RJ Hamster
I Didn’t Believe Him at First



Mr. J walked over wearing a tan-and-brown Havana shirt and holding a mojito. He looked like someone straight out of Miami Vice in his white suit-white sneakers combo.
“Can I join you?” he asked our table, a ragtag group of market enthusiasts and fintech renegades. (I’m glad we said yes. I’ll show you why in a moment.)
My wife and I spent last week in Miami Beach for Consensus, the largest crypto conference in the Americas. On the conference stage, I heard from crypto big shots like Michael Saylor… Arthur Hayes… and Raoul Pal.
But as longtime Daily readers know, the best insights often happen away from the conference floor crowds – in the smaller, more private venues.
You just need an invitation.
Pal on stage at Miami Consensus 2026. Source: Houston Molnar
It was at one of these side gatherings of crypto VCs, angel investors, and aficionados, tucked away on the second story of a 1960s restaurant serving empanadas, that I met Mr. J.
It was a balmy day in the high 80s, and an old A/C unit was working overtime to keep the barroom cool.
Through the tinted windows, I could make out the silhouettes of the palm trees that lined the street, their leaves getting knocked about by the sea breeze, just steps from Ocean Drive.
At first, I could barely hear Mr. J over the sound of bachata blaring from the speakers.
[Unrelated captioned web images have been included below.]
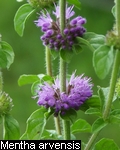 Mentha-arvensis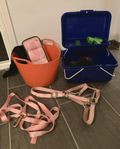 häst och ryktsaker 
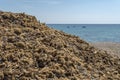 Dried Posidonia algae on the coast of the island of Mallorca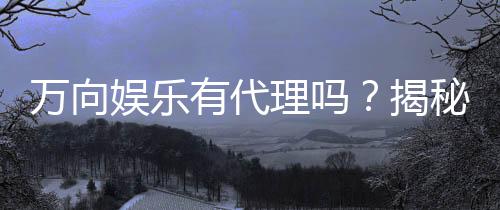 万向娱乐有代理吗？揭秘代理加盟条件与流程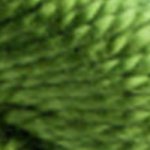 DMC Perle Size 5 25m Skein 3346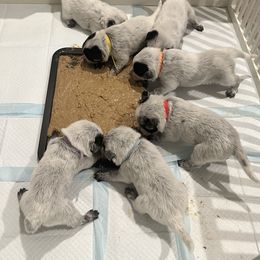 Australian Cattle Dog Puppies from Folie à Deux Australian Cattle Dogs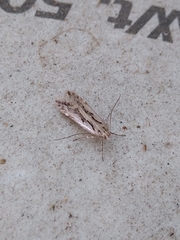 Lepidoptera
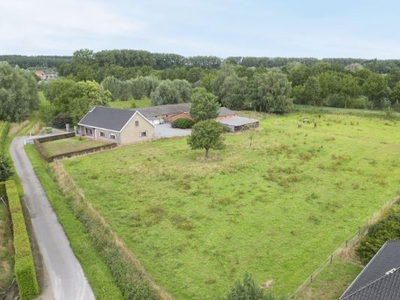 Boerenhof op einde doodlopende straat (10.064m²)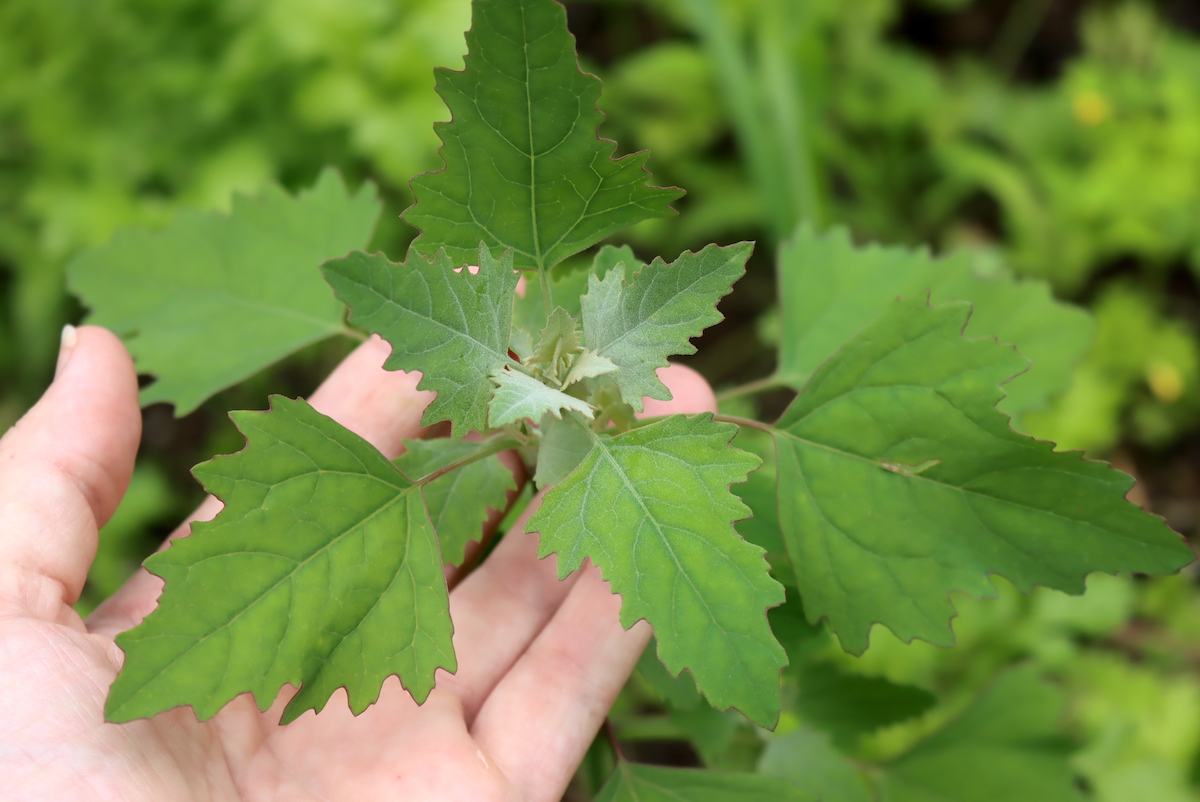 Lambsquarters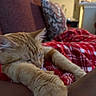 Charlie Micheaux is registered to the contest to win money with this photo: blanket, cat, close_up, couch, cozy, fur, furniture, ginger_cat, home, indoors, orange_cat, paws, pet, portrait, red_blanket, relaxed, resting, sleeping, warm_lighting, whiskers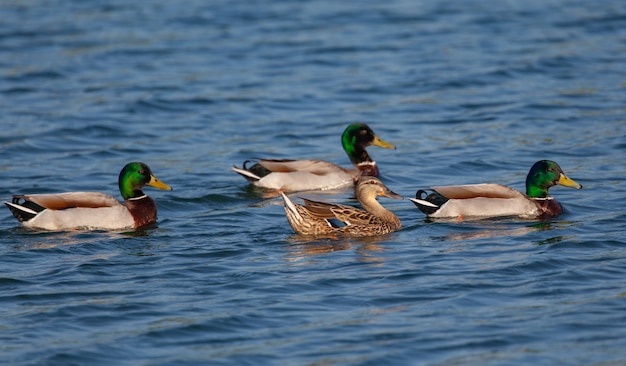 Gruppe Stockenten, die während des Tageslichts in einem Teich schwimmen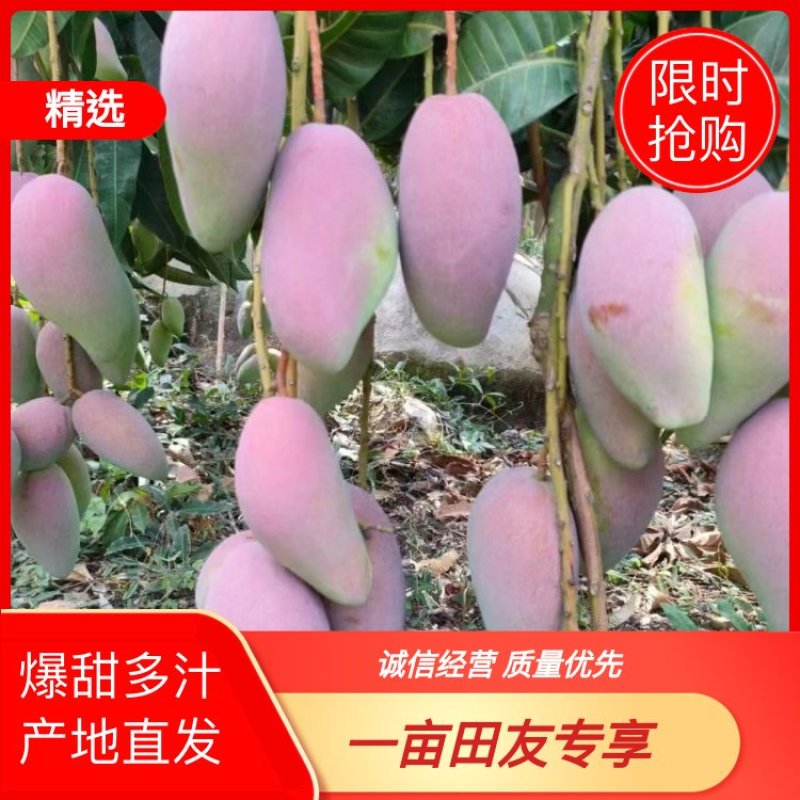 【精品推荐】芒果大量上市一手货源商超电商社区团购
But the more we talked, the more the music faded.
“People know me in Canada,” he told me. Now, I’m not one to take a company man at his word. But as our conversation went on, I realized he knew his stuff.
Of all the things he told me – about his business, his background, the fact he knows Vitalik Buterin personally… One insight in particular really caught my attention.
Because the way I see it, it has huge implications for the $117 trillion megatrend we’ve been following in these pages.
Why He Left Traditional Banking
As I found out later, Mr. J is head of sales at a company that describes itself as a blend of banking, marketing, and digital assets expertise. Out of respect for his privacy, I can’t say exactly where.
But I wasn’t there to trade well-rehearsed company lines anyway. I was there to get the deeper story. It’s why I’ve traveled over 60,000 miles in the last two years.
What I found out through our conversation is that, like a lot in the crypto industry, he came from traditional banking. He didn’t have a whole lot of nice things to say about that industry… He told me once he left, he never looked back.
At first, he became a pariah among his ex-colleagues. They didn’t understand why someone with a solid career would give it up to follow a path in crypto that, back then, ended in a big question mark.
That was many years ago. Now they’re all calling him, he told me, begging for a lifeline out of banking.
But my biggest takeaway from our conversation went beyond the beef between the big boys in banking and the crypto visionaries now building their own financial empires.
When I asked him what kind of business he’s getting most, I thought he’d say retail investors. After all, retail crypto transactions increased by more than 125% in 2025.
But what he said instead surprised me. He told me his company makes most of its money helping businesses with cross-border transactions.
What I later found out through my own research is that, while retail owns the transaction “counts” (meaning the number of transactions), businesses dominate the volume. Business-to-business (B2B) flows now account for over
60% of the total dollar volume moving through stablecoins.
In other words, while retail investors are making lots of small transactions ($5 for coffee, $45 for a ride-sharing service), businesses are making fewer but much larger transactions.
That’s what Mr. J is seeing at his company. He couldn’t give me a concrete number (for compliance reasons), but he gave me an estimate. He said they’re doing hundreds of millions of dollars in transactions… every month.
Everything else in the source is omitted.